The ink discharge pulse signal may be made up of a plurality of pulses.

In this way, an increase in the viscosity of ink is suppressed even for those nozzles through which ink is not discharged for a long period of time not only when forming small dots but also when forming medium dots. Thus, when forming medium dots, it is possible to obtain an effect as that obtained when forming small dots.

Each of the auxiliary pulse signal and the ink discharge pulse signal may be a pulse signal for driving the actuator so as to first depressurize, and then pressurize, the pressure chamber.

In this way, each of the auxiliary pulse signal and the ink discharge pulse signal is a pulse signal having a so-called “pull-push waveform”. When such a signal is supplied, the volume of the pressure chamber first increases and then decreases, whereby an ink meniscus is first pulled into the nozzle, and then pushed back outward from the inside of the nozzle. This replaces ink in the vicinity of the nozzle opening, and discharges an ink droplet from the nozzle.

It is preferred that a time T from a completion of the supply of the auxiliary pulse signal until a start of the supply of the ink discharge pulse signal is set to satisfy n*Tc+Tc/4≦T≦n*Tc+3Tc/4, where Tc is a Helmholtz period of a head, and n is zero or a natural number.

Note that the term “Helmholtz period of a head” as used herein refers to the natural period of the entire vibration system including the ink (an acoustic element), the actuator, etc.

In this way, the vibration caused by the auxiliary pulse signal is more likely to be resonant with that caused by the ink discharge pulse signal, thus increasing the discharged ink volume.

It is preferred that: a pulse width of the auxiliary pulse signal is set to be to of a Helmholtz period of a head; and a peak value of the auxiliary pulse signal is set to be less than or equal to a value that is 0.6 times that of the ink discharge pulse signal.

In this way, the auxiliary pulse signal can be used as a signal that is very suitable for replacing ink in the vicinity of the nozzle opening without discharging an ink droplet.

The ink jet recording apparatus may further include: an ink jet head including at least the head body and the actuator; and a driving mechanism for relatively moving the ink jet head and a recording medium with respect to each other.
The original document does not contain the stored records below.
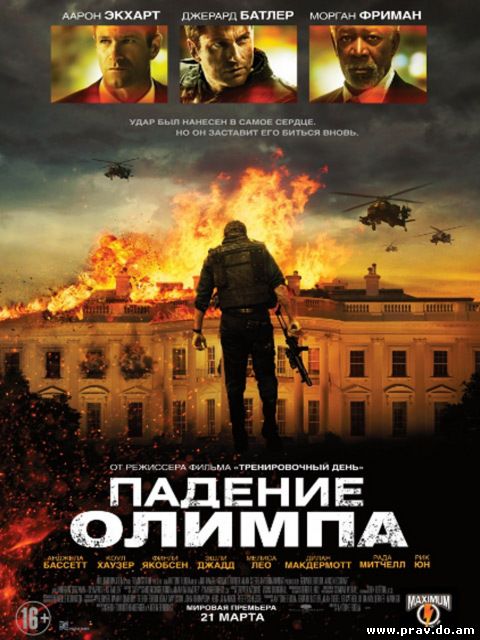 Падение олимпа 2013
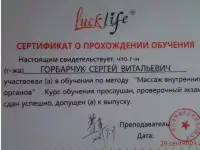 Массаж. В кабинете и выезд. Быстрая помочь по всем болезням, фотография 2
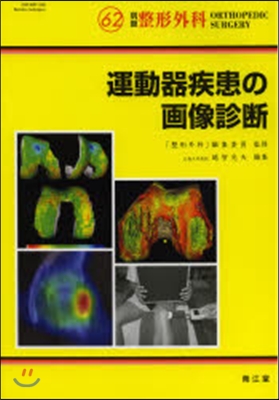 運動器疾患の畵像診斷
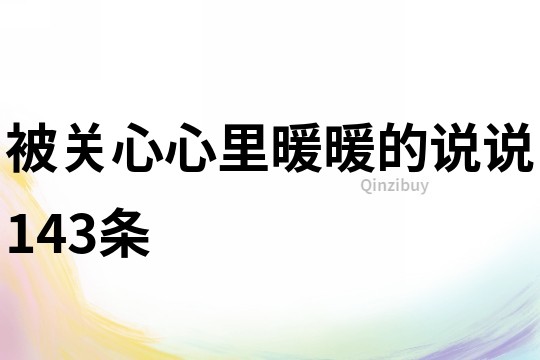 被關心心里暖暖的說說143條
As described above, according to the present invention, it is possible to increase the discharged ink volume and to suppress an increase in the viscosity of ink in a nozzle. Therefore, it is possible to improve the ink discharging performance. For example, it is possible to prevent a non-uniformity in the print density in a solid print at the highest driving frequency, and to prevent a dot dropout or dot diameter variations during an initial ink discharging operation or during ink discharging operations at low driving frequencies. Moreover, since it is not necessary to provide a circuit for turning ON/OFF the application of the auxiliary pulse signal, it is possible to reduce the cost of the apparatus.
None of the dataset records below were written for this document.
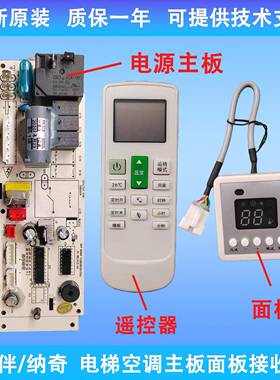 菱伴/纳奇 电梯空调主板面板接收器PX-DTKTZB遥控器LB-DTKT-c8zb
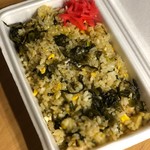 炭焼 おかげさん - お土産の名物炒飯！代行早く来過ぎて食べれずの為！笑笑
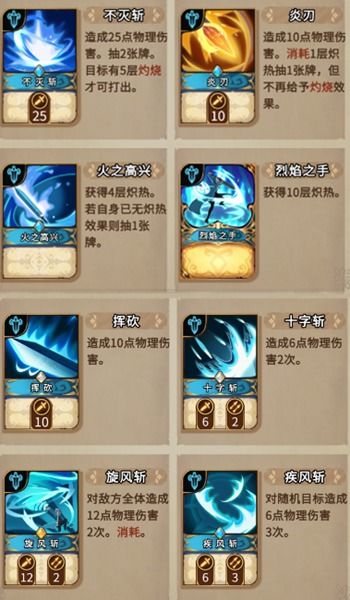 (一剑开天门简介)探索剑术奥秘：一剑开天门辅助菜单的功能详解与实践运用教程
BRIEF DESCRIPTION OF THE DRAWINGS

FIG. 1 is a diagram generally illustrating the configuration of a printer.

FIG. 2 is a plan view illustrating a part of an ink jet head.

FIG. 3 is a cross-sectional view taken along line III—III of FIG. 2.
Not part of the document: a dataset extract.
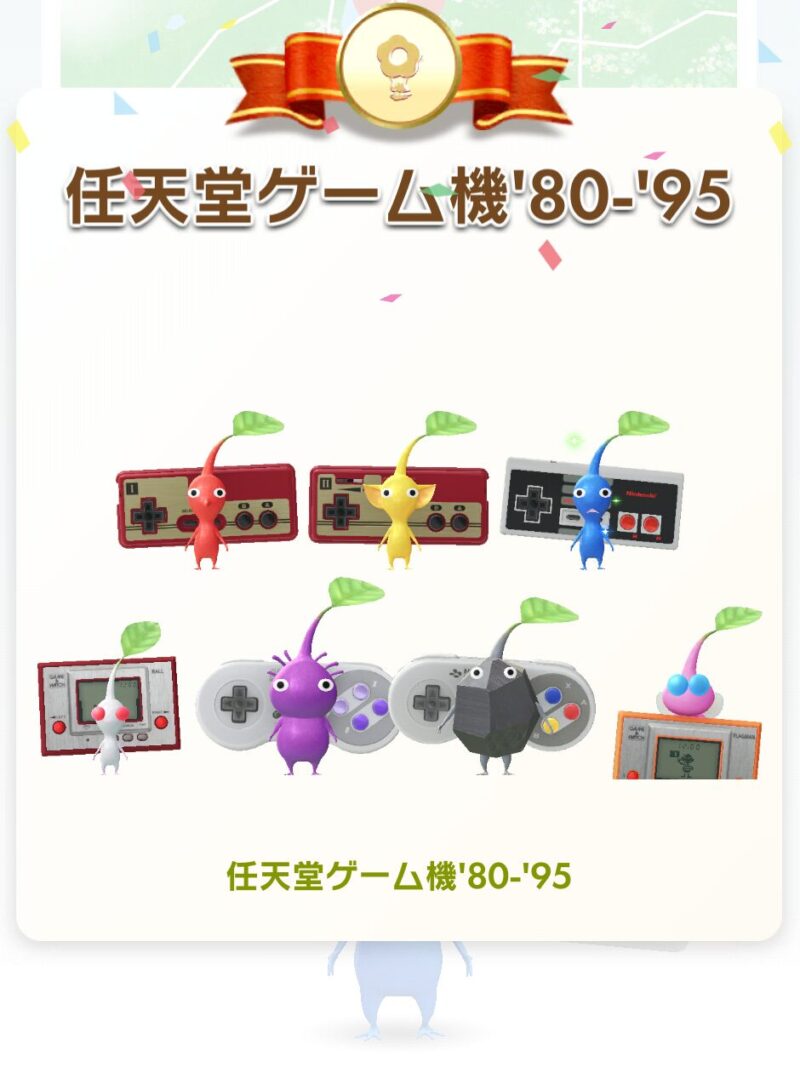 任天堂ゲーム機ピクミンコンプリート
FIG. 4 is a cross-sectional view illustrating a part around an actuator.

FIG. 5 is a cross-sectional view taken along line V—V of FIG. 2.

FIG. 6 is a block diagram schematically illustrating a control system.

FIG. 7 is a waveform diagram illustrating a driving signal when ink is discharged.

FIG. 8 is a waveform diagram illustrating a driving signal when ink is not discharged.

FIG. 9 is a graph illustrating the results of an experiment conducted for confirming the effect of increasing the discharged ink volume.

FIG. 10 is a graph illustrating the results of an experiment conducted for confirming the effect of increasing the discharged ink volume.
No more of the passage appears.